▸ Problem details
Please write out every line of the material, leaving out any picture.

▸ Dataset section
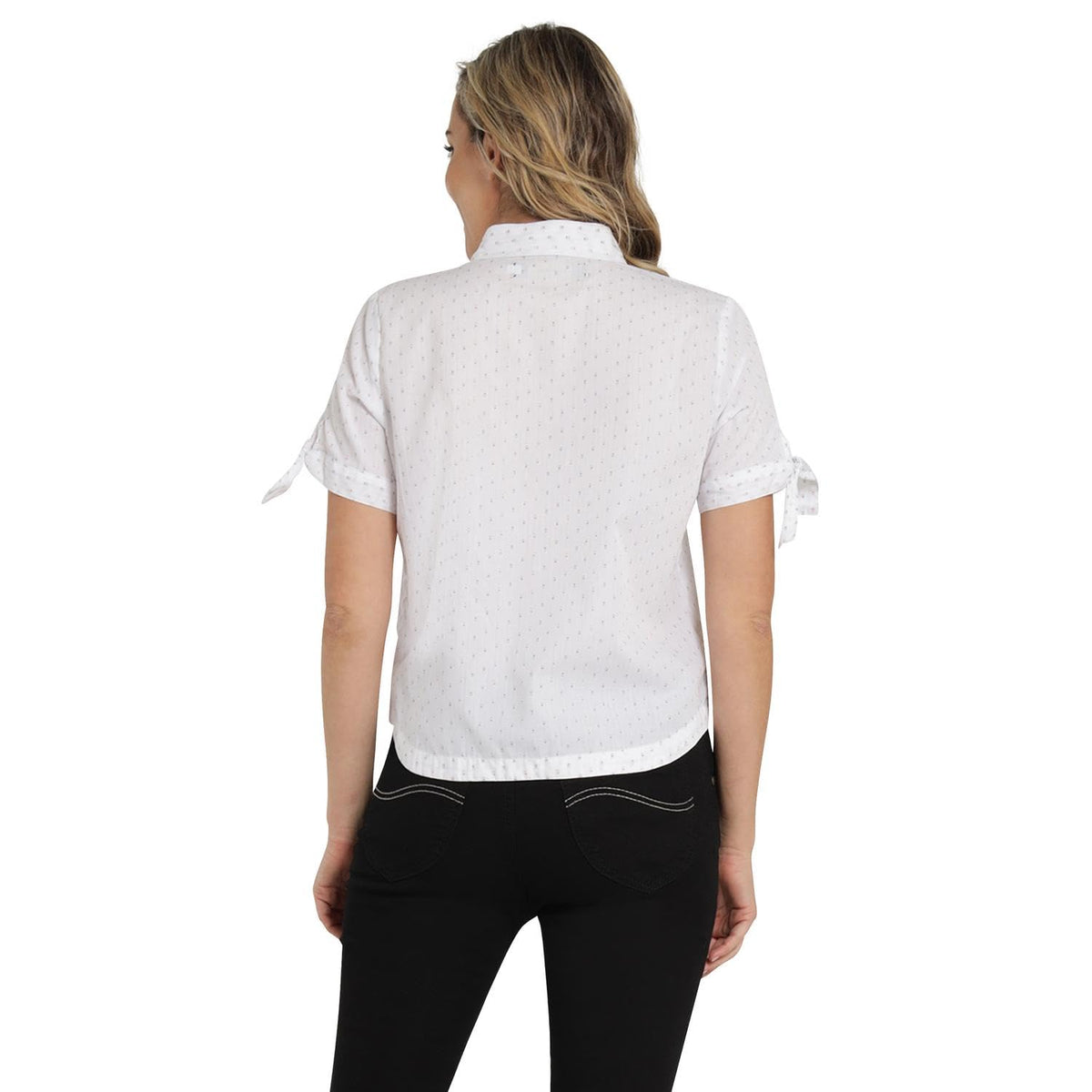 Lee Camisa Slim Fit de Algodón para Mujer, Blanco, CH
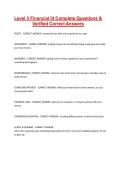Level 3 Financial lit Complete Questions & Verified Correct Answers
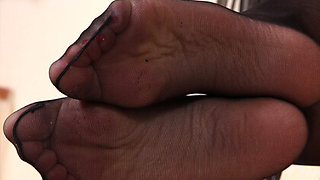 Chiara Dressed In A Secretary Cosplay Costume With Black Nylons; Hot Secretary Upskirt And Leg Fetish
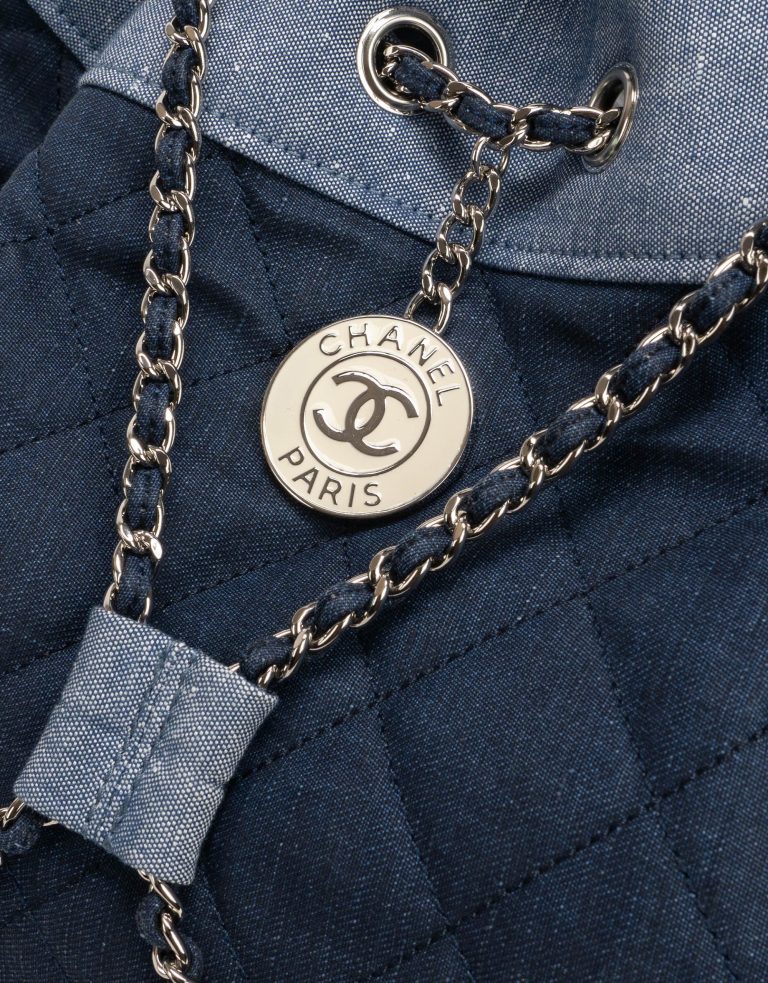 Chanel Drawstring Backpack Denim Blue Hardware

▸ Problem solution
 Lee Camisa Slim Fit de Algodón para Mujer, Blanco, CH
Level 3 Financial lit Complete Questions & Verified Correct Answers
 Chiara Dressed In A Secretary Cosplay Costume With Black Nylons; Hot Secretary Upskirt And Leg Fetish
 Chanel Drawstring Backpack Denim Blue Hardware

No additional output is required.